▶ **TASK DETAILS**
Transcribe every line of the material below without change, apart from dropping the pictures.

▶ **SUPPLIED INFORMATION**
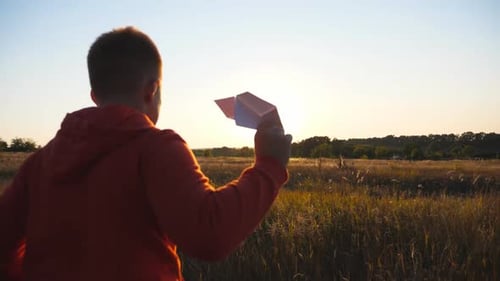 Follow to Cute Little Child Jogging with a Paper Airplane Through Meadow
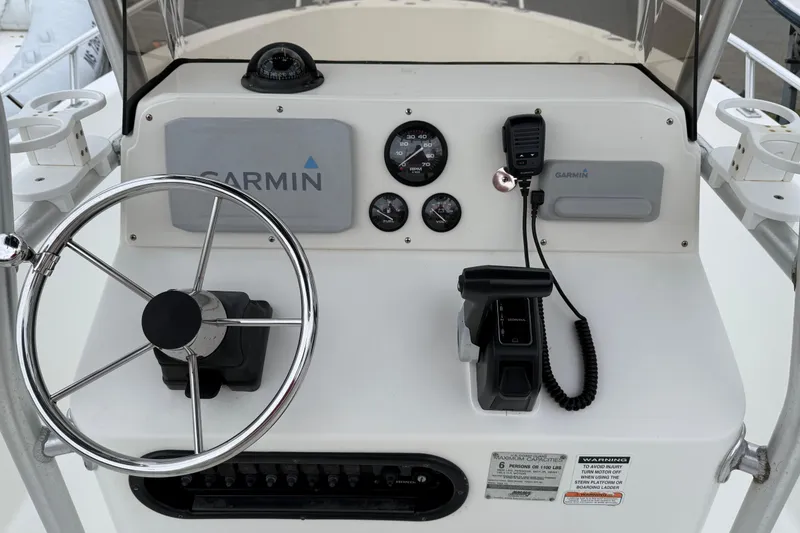 Slide: The Image of Center console of 2007 Mako 192 boat with Garmin navigation system and controls. - 10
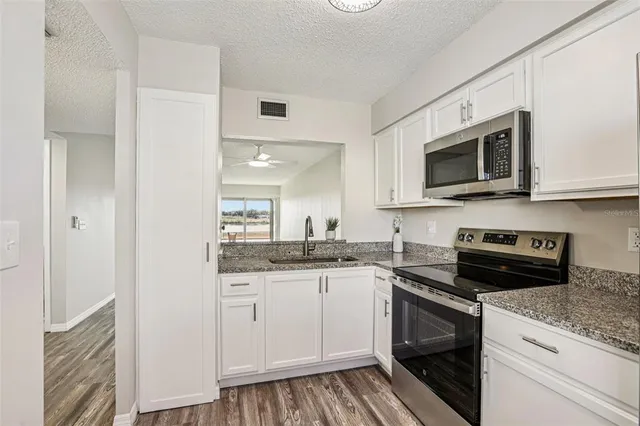 a kitchen with stainless steel appliances granite countertop a sink and stove top oven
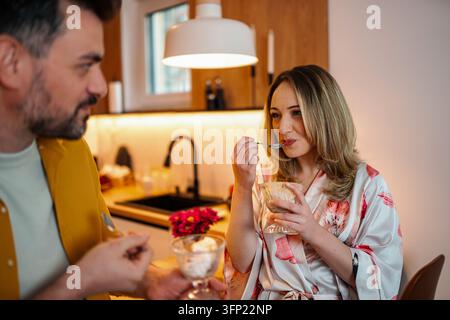Coppia che gusta insieme il dessert della colazione in cucina Foto Stock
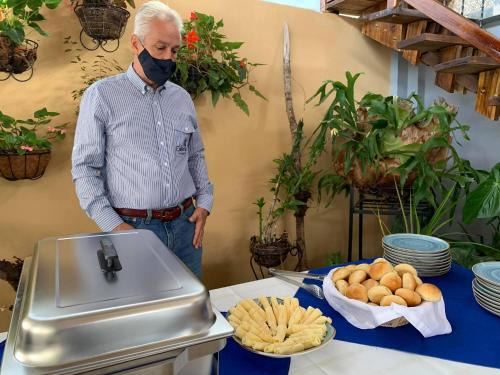 a man wearing a mask standing next to a table with food at La Estancia Hotel Boutique in Salamina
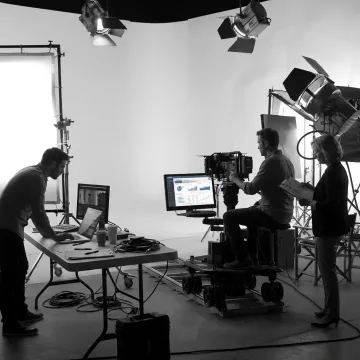 SaaS explainer video production team reviewing a software demo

▶ **RESULT**
 Follow to Cute Little Child Jogging with a Paper Airplane Through Meadow
 Slide: The Image of Center console of 2007 Mako 192 boat with Garmin navigation system and controls. - 10
 a kitchen with stainless steel appliances granite countertop a sink and stove top oven
Coppia che gusta insieme il dessert della colazione in cucina Foto Stock
 a man wearing a mask standing next to a table with food at La Estancia Hotel Boutique in Salamina
 SaaS explainer video production team reviewing a software demo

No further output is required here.